A comparison of H5N1(A) hemagglutinin sequences showing the sialic acid receptor region, and the two single amino acid changes responsible for transmissibility between humans.
In a single short region of the gene for the hemagglutinin (HA) gene of the H5N1(A) virus (the “H” in H5N1) there are two changes which are most likely to be responsible for transmissibility between humans, as opposed to transmissibility between birds and the occasional, rare infection of a human. Hemagglutinin is one of the10 proteins produced by the Influenzavirus A genome, and the principal protein responsible for the ability of the virus to enter host cells.
Very few of the amino acids coded for by the hemagglutinin gene are constant between Influenzavirus A strains. There is one region however, that has certain constant features: A few amino acids that do not mutate between strains, and this region seems to be the sialic acid receptor region. Sialic acid protrudes from animal cell outer membranes, and provides the binding site for the hemagglutinin molecule, which allows the virus to be engulfed by target cells, and also allows the virus to release its genetic material once they have been engulfed. 1 2 Siallic acids are found on many cells and substances in the body, but which sialic acid is involved and how it is attached to other molecules is an important part of whether a flu virus will be able to infect the cell. One protein with a sialic acid linked to galactose by an alpha-2,3 linkage (SAalpha2,3Gal) is expressed primarily on the surfaces of cells in the intestines of birds, and, it is inferred, in human lung cells deep in the alveoli of the lungs. Another related protein, with a sialic acid linked to galactose by an alpha-2,6 linkage (SAalpha2,6Gal) is expressed in the mammalian and human cells of the mucous membranes of the upper respiratory tract. 3 The complete distribution of the SAalpha linkages in the body isn’t known completely, however.
As has been found by comparisons of this region among various Influenzavirus A strains, the key difference between those that prefrentially infect humans vs. those that preferentially infect birds are changes in two amino acids. Both are found next to two invariant glutamines: when the virus preferentially infects birds, one is a glutamate, and another is a glycine. If one or the other changes to an aspartate, the virus preferentially infects swine, but can still infect birds and humans, although only weakly transmissible among them. If both locations mutate to code for asparate, the virus becomes much more transmissible among humans.
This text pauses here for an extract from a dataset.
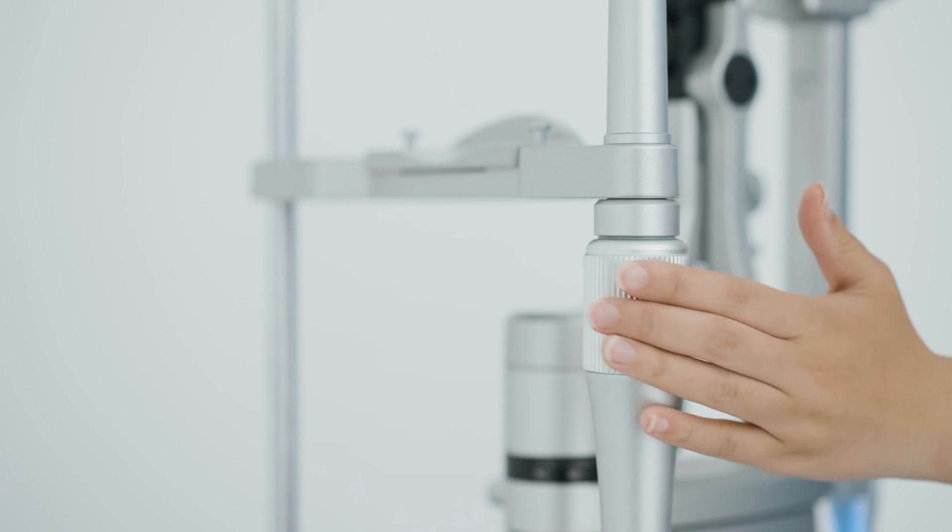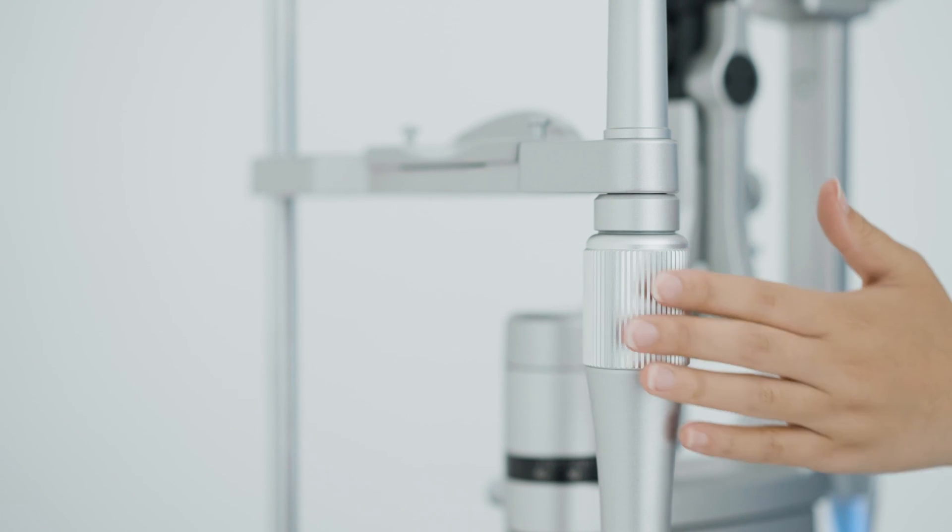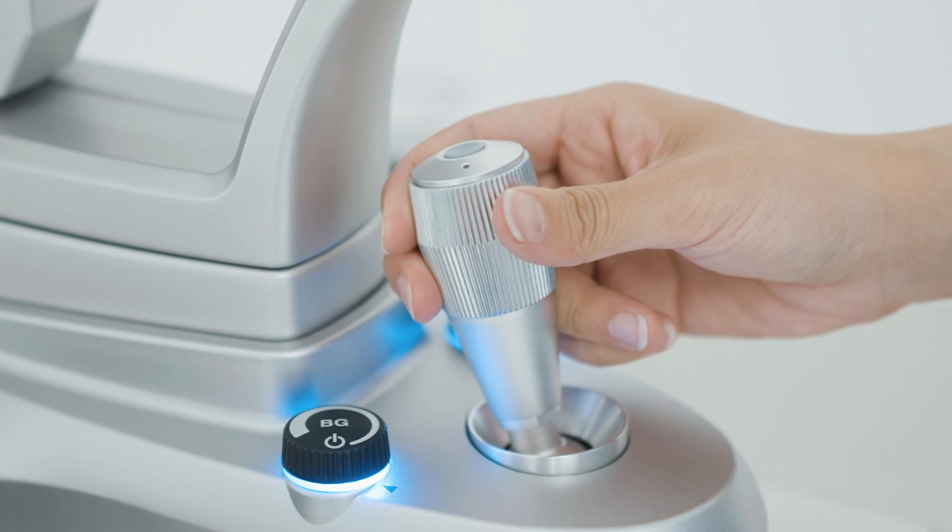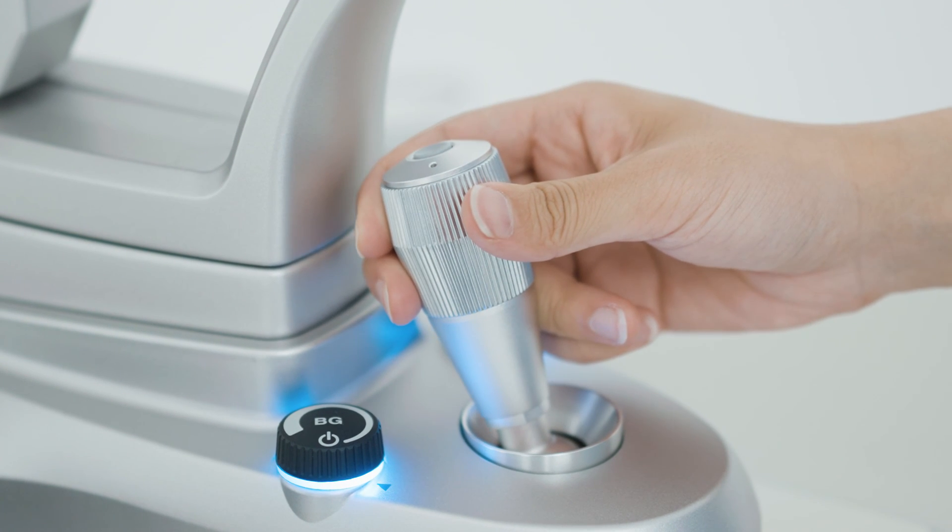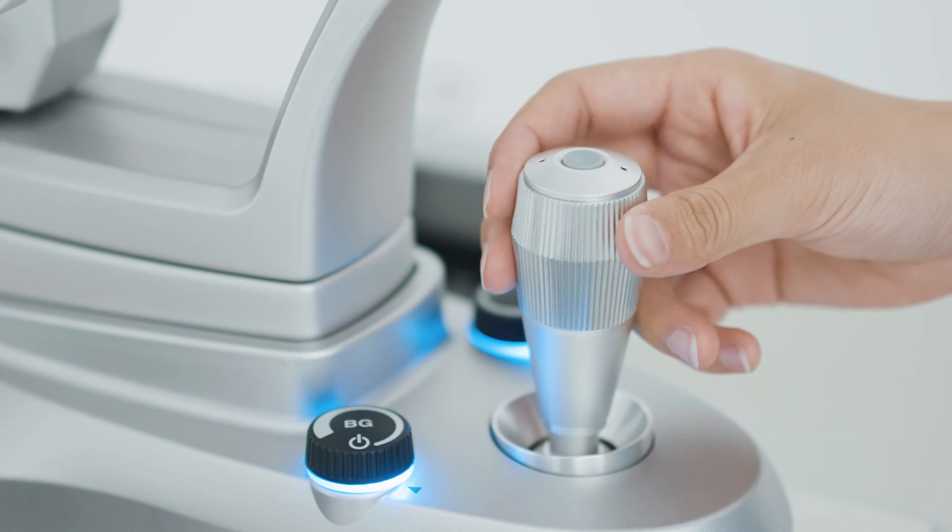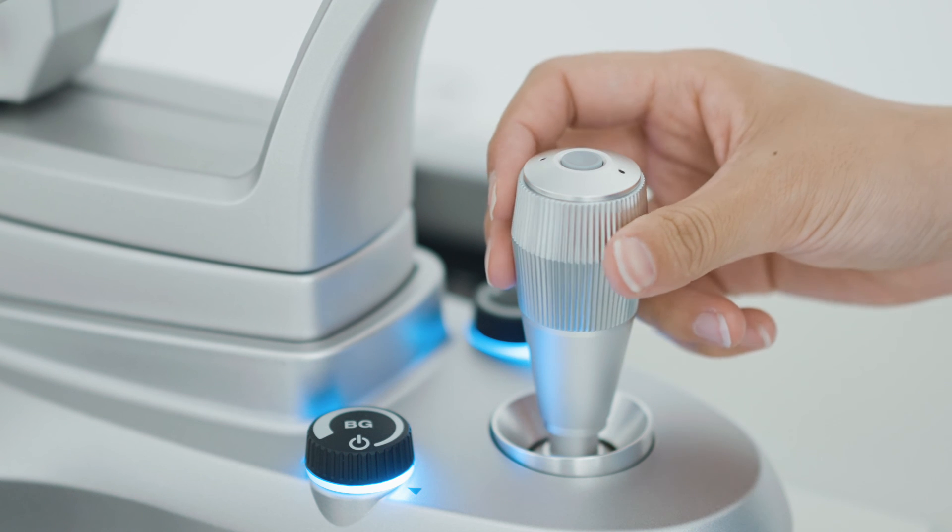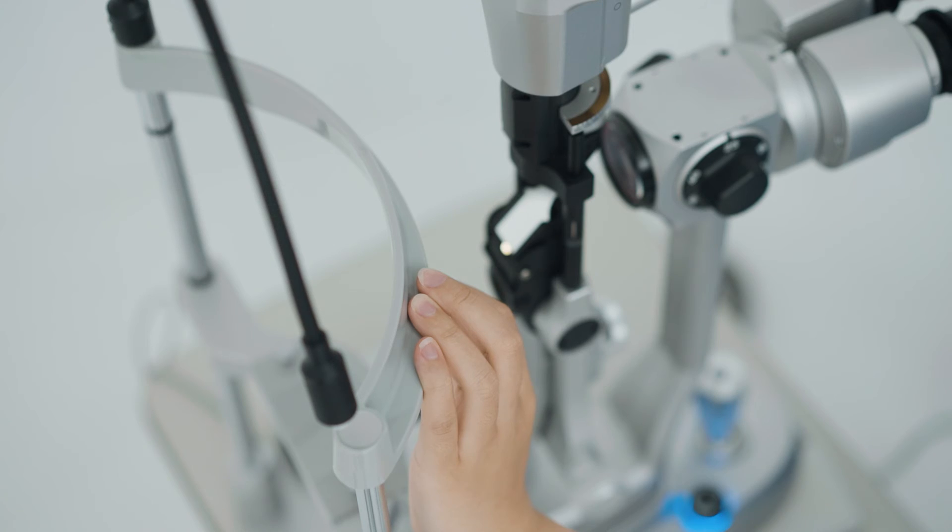Takagi's slit lamps have earned a reputation for their sophisticated design, high usability and variety of functions for everyday examinations.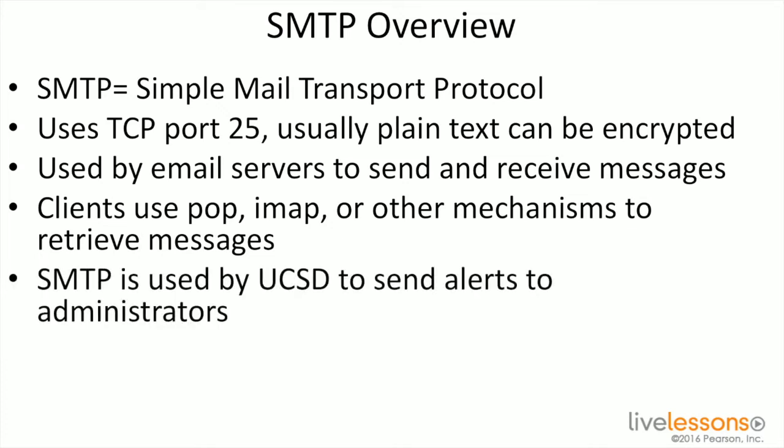Now why is this useful? This is useful from a UCS Director perspective because SMTP can be used to send alerts to administrators. If something's going wrong, you've got the ability to configure those different components, and that's going to allow you to configure these within UCS Director so we can send out those alerts to the different administrators.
This change appears to have no direct relationship to the pathogenicity among the hosts, which is coded for by other proteins, among them the three polymerase chains. 4
The following are NCBI protein-protein Blast queries of some of the published Influenzavirus A hemagglutinin sequences. These queries search the amino acids of the relevant segment of the encoded hemagglutin protein, with the constant amino acids, along with the two asparates being searched for, but with the variable sites being “masked”, that is being made irrelevant for the search. The searched for amino acids are in uppercase, the masked amino acids are in lowercase. The sequence used is that of the consensus sequence for the (A/Bar-headed Goose/Qinghai/75/05(H5N1)) type variant of avian H5N1, which is generally identical to that currently circulating in the Near East, Africa, and Europe, and not very different from the strains that have ciruclated in Southeast Asia.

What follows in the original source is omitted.